**The problem:**
Nothing but the records, transcribed exactly, should appear in the answer; leave the pictures out.

== Available data ==

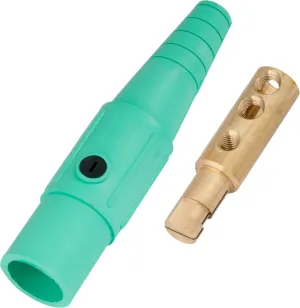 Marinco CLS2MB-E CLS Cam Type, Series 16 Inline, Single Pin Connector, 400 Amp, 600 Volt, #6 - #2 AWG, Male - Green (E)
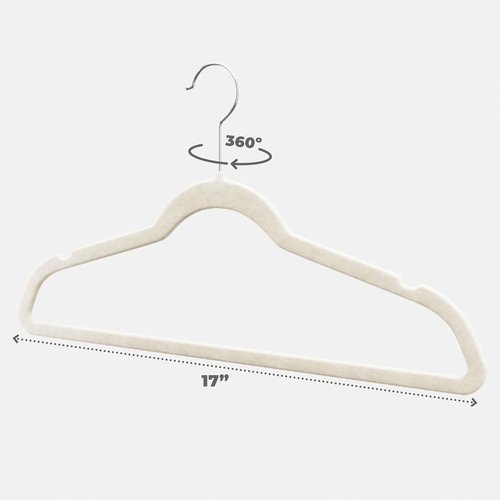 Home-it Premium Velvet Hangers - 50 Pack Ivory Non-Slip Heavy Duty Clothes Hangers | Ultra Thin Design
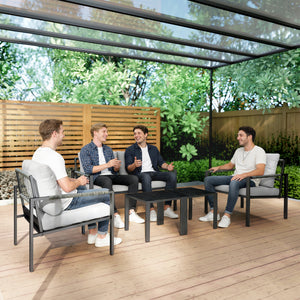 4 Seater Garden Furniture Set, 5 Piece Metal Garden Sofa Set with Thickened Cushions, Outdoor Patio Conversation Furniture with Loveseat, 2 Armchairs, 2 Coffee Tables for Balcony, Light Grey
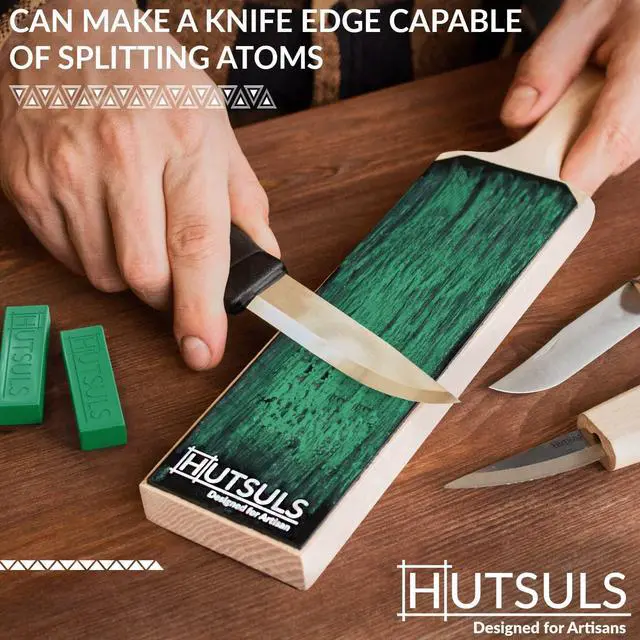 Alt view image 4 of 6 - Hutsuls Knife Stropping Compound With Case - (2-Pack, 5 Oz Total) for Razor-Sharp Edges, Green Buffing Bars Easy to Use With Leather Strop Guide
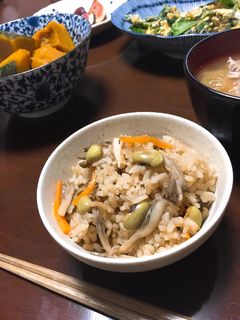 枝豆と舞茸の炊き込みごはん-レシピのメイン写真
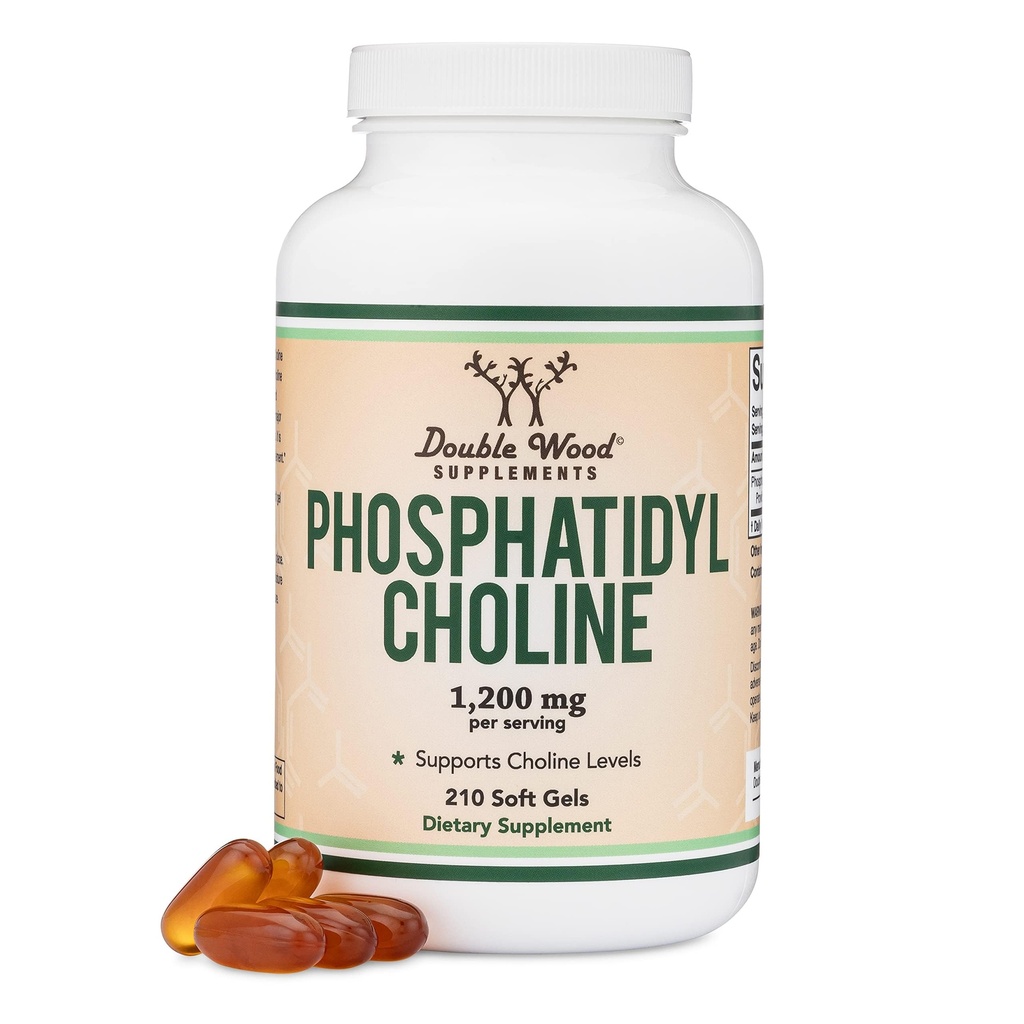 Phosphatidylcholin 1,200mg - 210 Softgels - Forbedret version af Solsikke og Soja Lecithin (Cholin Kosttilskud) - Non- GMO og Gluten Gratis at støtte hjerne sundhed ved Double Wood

===

**Response:**
 Marinco CLS2MB-E CLS Cam Type, Series 16 Inline, Single Pin Connector, 400 Amp, 600 Volt, #6 - #2 AWG, Male - Green (E)
 Home-it Premium Velvet Hangers - 50 Pack Ivory Non-Slip Heavy Duty Clothes Hangers | Ultra Thin Design
 4 Seater Garden Furniture Set, 5 Piece Metal Garden Sofa Set with Thickened Cushions, Outdoor Patio Conversation Furniture with Loveseat, 2 Armchairs, 2 Coffee Tables for Balcony, Light Grey
 Alt view image 4 of 6 - Hutsuls Knife Stropping Compound With Case - (2-Pack, 5 Oz Total) for Razor-Sharp Edges, Green Buffing Bars Easy to Use With Leather Strop Guide
 枝豆と舞茸の炊き込みごはん-レシピのメイン写真
 Phosphatidylcholin 1,200mg - 210 Softgels - Forbedret version af Solsikke og Soja Lecithin (Cholin Kosttilskud) - Non- GMO og Gluten Gratis at støtte hjerne sundhed ved Double Wood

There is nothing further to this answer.